December 06, 2007

「図書館へようこそ」と言える小説

 タイトルに「図書館」が付いている本で、あー面白かった、あー良かったと思える本は、あまり多くありません。ほとんどがガッカリさせられます。
 エドモンド・ホワイトと言う人が書いた『燃える図書館』は、図書館の話かと思うとガッカリします。実はアメリカのゲイ文学に関してのものでした。それはそれなりに悪くは無かったのですけど。
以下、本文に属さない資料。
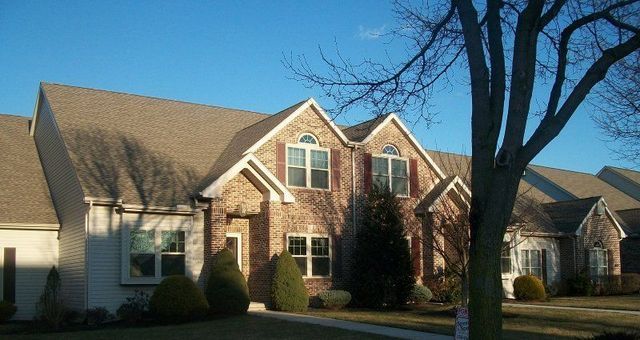 A Large Brick House with A Tree in Front of It
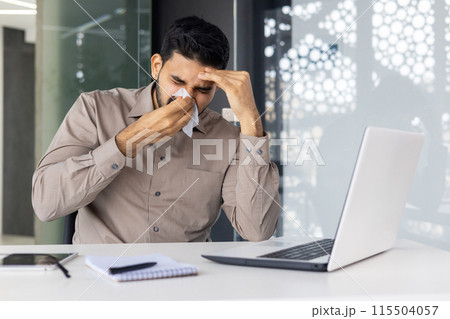 A sick young Indian man sits in the office at the desk and wipes his nose with a napkin from a runny nose, he does not feel well. A sick young Indian man sits in the office at the desk and wipes his nose with a napkin from a runny nose, he does not feel well. 115504057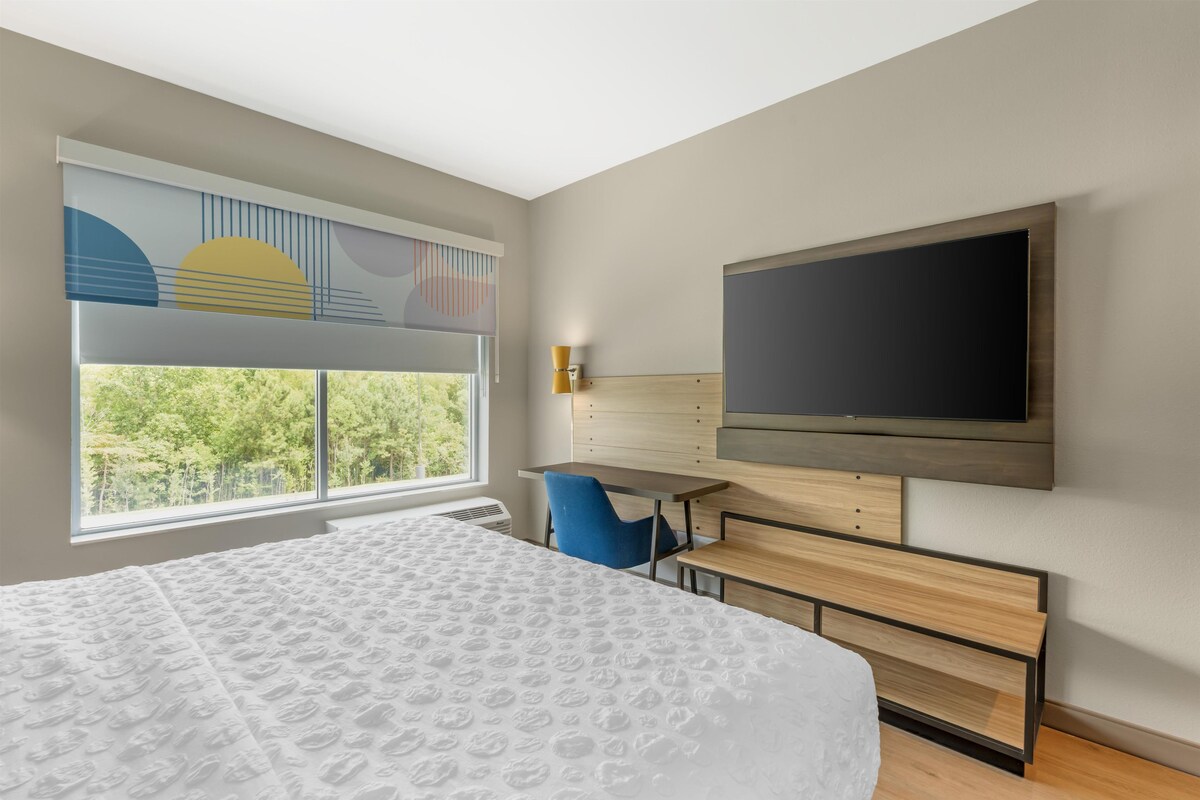 A hotel room with a bed, a desk, a chair, a TV, and a window with a view of trees.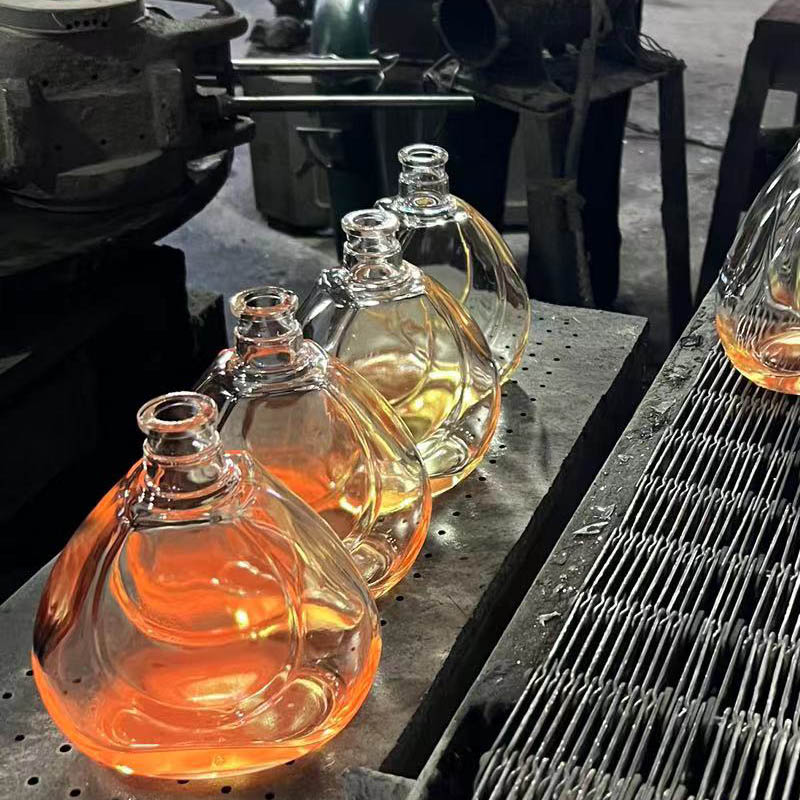 What processes are needed to produce glass bottles?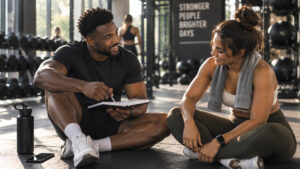 Fitness coach talking quietly with a client on the gym floor, reflecting a private conversation about medication and motivation.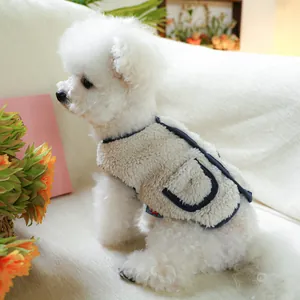 Detail of warm beige fleece pet vest with navy trim and pocket on a small dog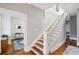 Traditional staircase with wood treads and white risers leads to the second floor at 313 5Th Ne St, Atlanta, GA 30308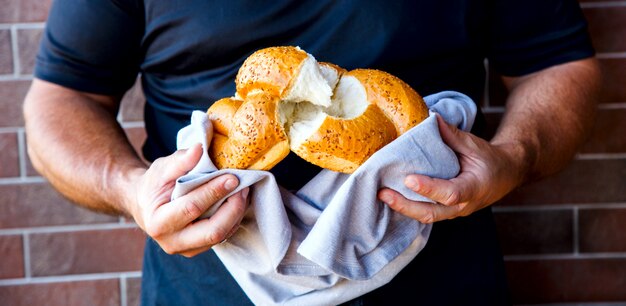 Mãos masculinas que quebram o pão recentemente cozido, close up.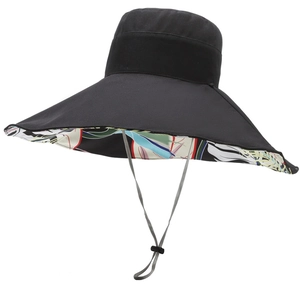 Women's wide brim sun hat with reversible black exterior and tropical floral inner print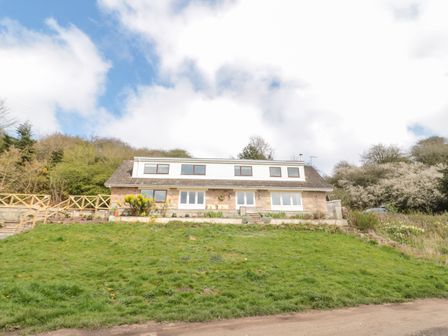 A detached house with multiple windows and a sloped grassy front garden at Whiteadder Bank in Berwick-Upon-Tweed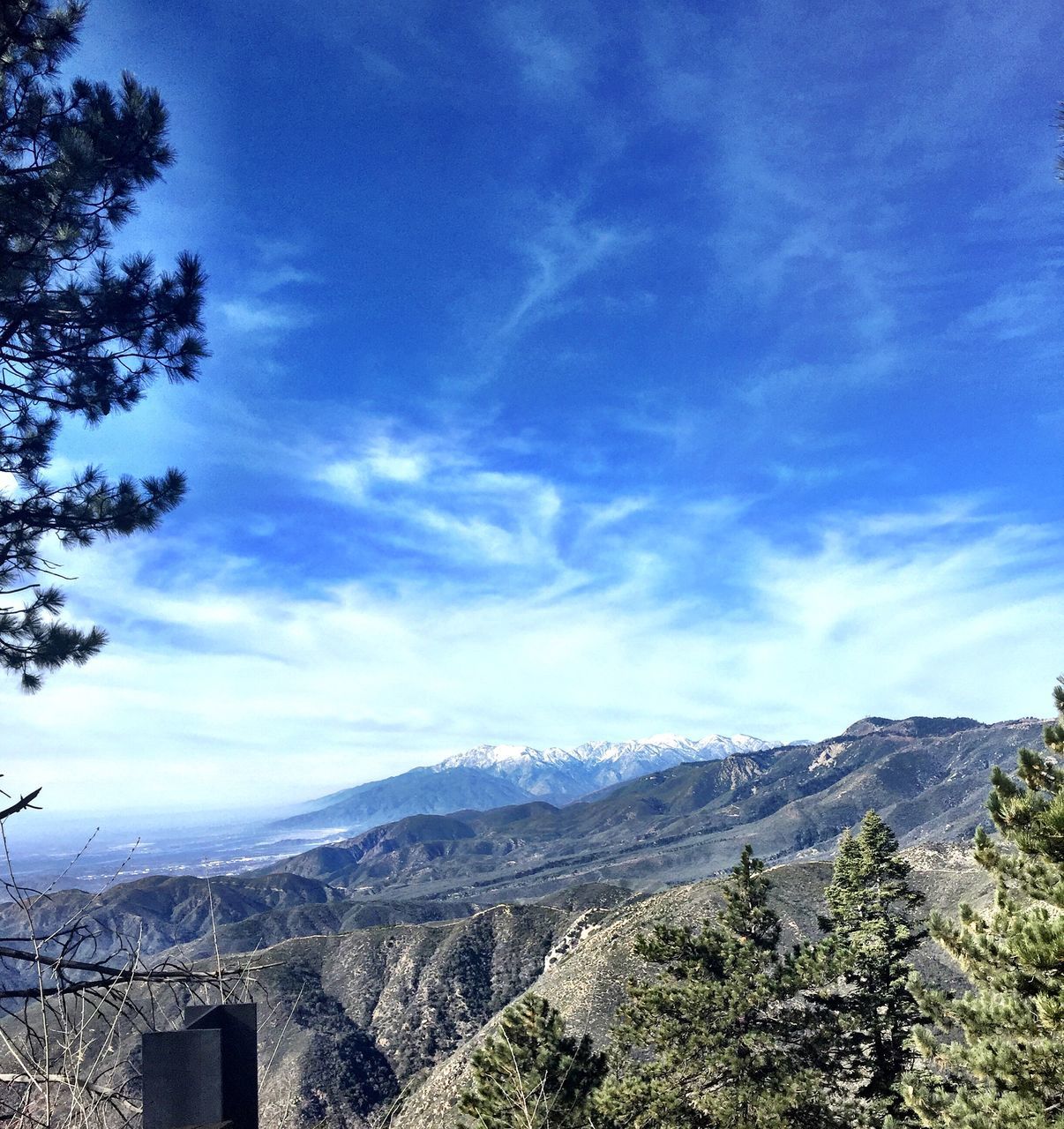 mountain, sky, mountain range, landscape, scenics, tranquil scene, blue, tranquility, tree, beauty in nature, built structure, cloud - sky, architecture, cloud, nature, building exterior, day, non-urban scene, outdoors, no people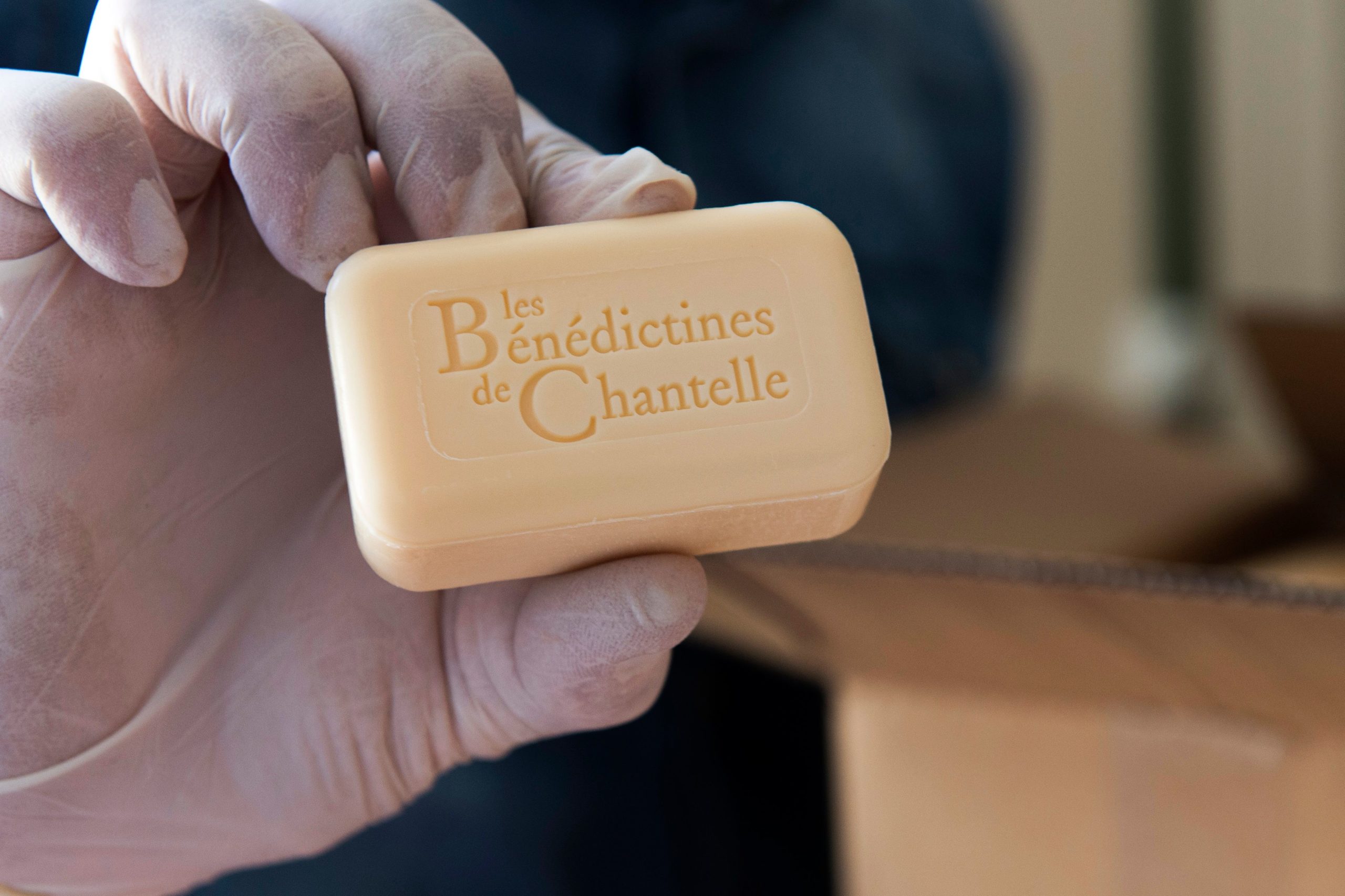 A bar of soap is pictured at the Saint-Vincent abbey in Chantelle on September 30, 2017. - Sisters at the Saint-Vincent abbey in Chantelle, who employ some ten non-religious people, have been manufacturing beauty products since 1954 thanks to two of them, one a chemist and the other a mathematician. Body milk, soaps, shower gels and even moisturizing cream, the abbey's production, with its own laboratory, has continued to diversify by adapting to the current cosmetic standards. (Photo by Thierry Zoccolan / AFP) (Photo by THIERRY ZOCCOLAN/AFP via Getty Images)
『図書館の死体』のシリーズも悪くは無かったのですが、図書館の話があまりからんでこなくて、ちーとばかりガッカリさせられたのです。
 むしろ、図書館をタイトルにしていない小説のほうが、結構いい味を出しています。
 森谷明子著『れんげ野原のまんなかで』東京創元社,2005は、秋庭市秋葉図書館という架空の図書館で働く司書を主人公に、移ろいゆく季節の中で起こる、ささやかな事件を解決していくミステリー小説です。秋庭市というネーミングが、Falconが秋真っ盛りに訪れた北海道の恵庭市の図書館を思い起こさせます。



 実は、今日、S堂でたった一冊残っていたのを取り置きしてもらって、ゲットしたばかりです。見つかったときは、嬉しかった!今、東京の本屋さんで、なかなか入手しにくいのです。帰りの電車の中で最初の章を読み始めたばかりです。本当に公立図書館の日常がよく描かれていると思います。宮部みゆきさんの『淋しい狩人』と雰囲気がよく似ています。『淋しい狩人』は古本屋さんが舞台なんだけど。
 タイトルに「図書館」がついていて、現実離れした話のほうが、売れ行きを考えると、読者を惹きつけるでしょう。
 Falconは、大人しめだけれども、『れんげ野原のまんなかで』に軍配を上げたいですね。